Closed mlearning closed 7 years ago
I can answer the second question here: one of the focuses of this paper is to do semi-supervised learning, which deals with the situation where we have a combination of labeled and unlabeled images (usually far fewer labeled than unlabeled).
Thanks you for answering my 2nd question!
Over the past weekend I was trying both the STL model and the inception v3 on the STL-100 dataset. I tried visit_weight between 0 and 0.25, sup_per_batch from 10 to 100, unsub_batch_size from 100 to 2000, got maximum of 65% of accuracy during evaluation. I used learning rate decay from 1e-4 to 1e-6 every 10,000 steps. Could you point me to a direction on which parameters I should focus on tuning?
This should converge to 81% test accuracy after 1M iterations (12h): visit_weight = 0.0 augmentation = true
I used 20 worker_replicas and 7 ps_tasks for asynchronous training.

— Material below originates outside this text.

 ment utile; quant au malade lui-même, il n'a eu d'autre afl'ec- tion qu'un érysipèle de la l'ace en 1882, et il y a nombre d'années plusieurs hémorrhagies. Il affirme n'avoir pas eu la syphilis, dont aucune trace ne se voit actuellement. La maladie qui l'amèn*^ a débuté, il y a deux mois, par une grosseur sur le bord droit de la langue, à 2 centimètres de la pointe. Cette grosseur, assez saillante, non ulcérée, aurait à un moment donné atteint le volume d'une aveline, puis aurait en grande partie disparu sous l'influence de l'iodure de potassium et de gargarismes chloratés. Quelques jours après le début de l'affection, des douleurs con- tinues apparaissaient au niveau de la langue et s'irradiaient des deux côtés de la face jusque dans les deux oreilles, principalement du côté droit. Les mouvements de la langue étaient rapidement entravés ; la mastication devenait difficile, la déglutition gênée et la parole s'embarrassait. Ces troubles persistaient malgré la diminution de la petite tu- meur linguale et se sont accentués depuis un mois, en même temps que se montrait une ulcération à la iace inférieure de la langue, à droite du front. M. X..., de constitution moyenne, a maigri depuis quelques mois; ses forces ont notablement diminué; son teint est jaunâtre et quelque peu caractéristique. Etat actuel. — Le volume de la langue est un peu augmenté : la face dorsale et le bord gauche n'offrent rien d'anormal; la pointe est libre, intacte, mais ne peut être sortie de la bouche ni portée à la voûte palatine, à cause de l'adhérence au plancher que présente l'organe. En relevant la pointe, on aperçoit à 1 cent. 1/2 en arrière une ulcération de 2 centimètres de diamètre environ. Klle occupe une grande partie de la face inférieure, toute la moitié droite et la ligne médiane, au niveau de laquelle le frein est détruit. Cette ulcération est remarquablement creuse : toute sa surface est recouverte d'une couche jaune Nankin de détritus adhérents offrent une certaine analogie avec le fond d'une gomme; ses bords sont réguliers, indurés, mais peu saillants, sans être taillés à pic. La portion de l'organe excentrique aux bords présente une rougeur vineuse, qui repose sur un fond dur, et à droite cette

The initial learning rate was 1e-5 and decayed to 6e-6 and 1e-6 after 300000 and 1000000 steps, respectively.
Hi,
Would you mind sharing your full list of hyper parameters for producing STL-10 data set result as shown in the paper? I was far from reproducing the result after tweaking a few parameters here and there as being used in other data sets.
And one more question: in the paper it was mentioned that you used only 100 images per label. May I know whether there is a particular reason why you don't take advantage of all the labelled images available?